Input data:
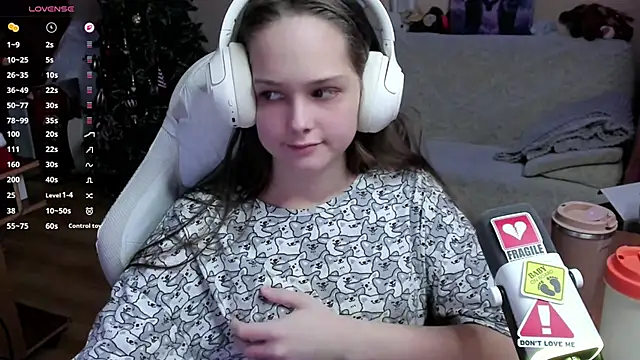 SharybbFace online show from January 2026 03:04:02 PM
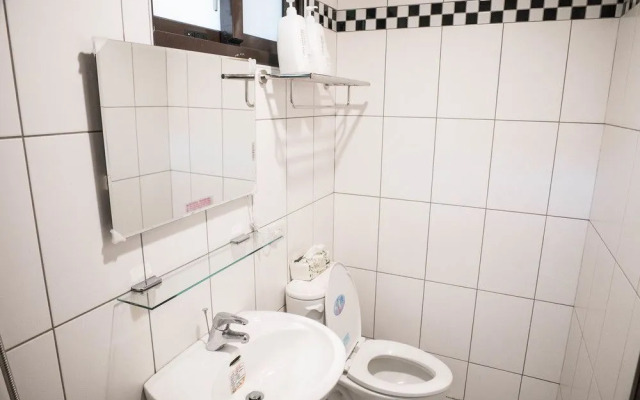 Taichung Fengjia Fully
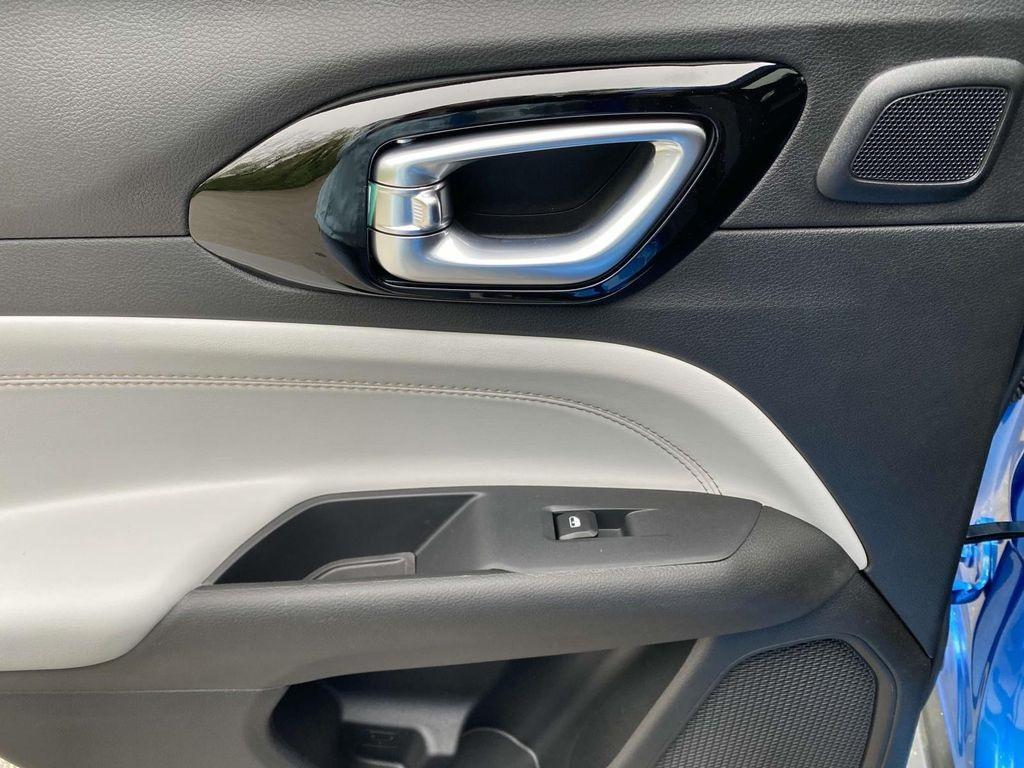 new 2025 Jeep Compass car, priced at $37,510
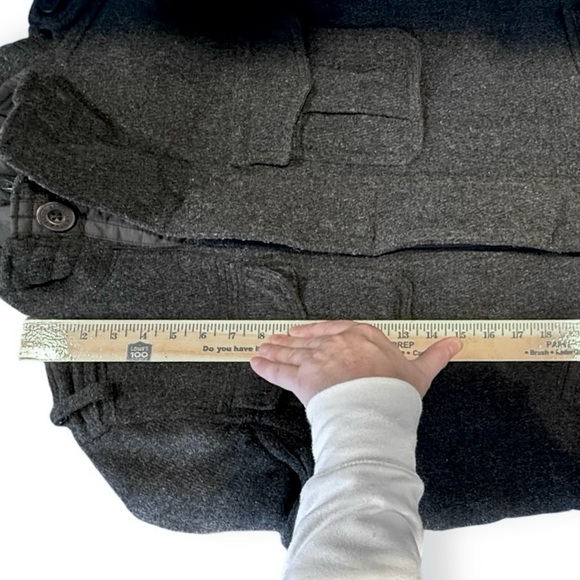 Abercrombie & Fitch Felt Field Jacket - Picture 15 of 16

What this task involves:
The expected output is an exact retyping of the lines from the line with "new 2025 Jeep Compass car, priced at $37,510" through the last line of the data, with both ends kept and the pictures dropped.

Solution to the problem:
 new 2025 Jeep Compass car, priced at $37,510
 Abercrombie & Fitch Felt Field Jacket - Picture 15 of 16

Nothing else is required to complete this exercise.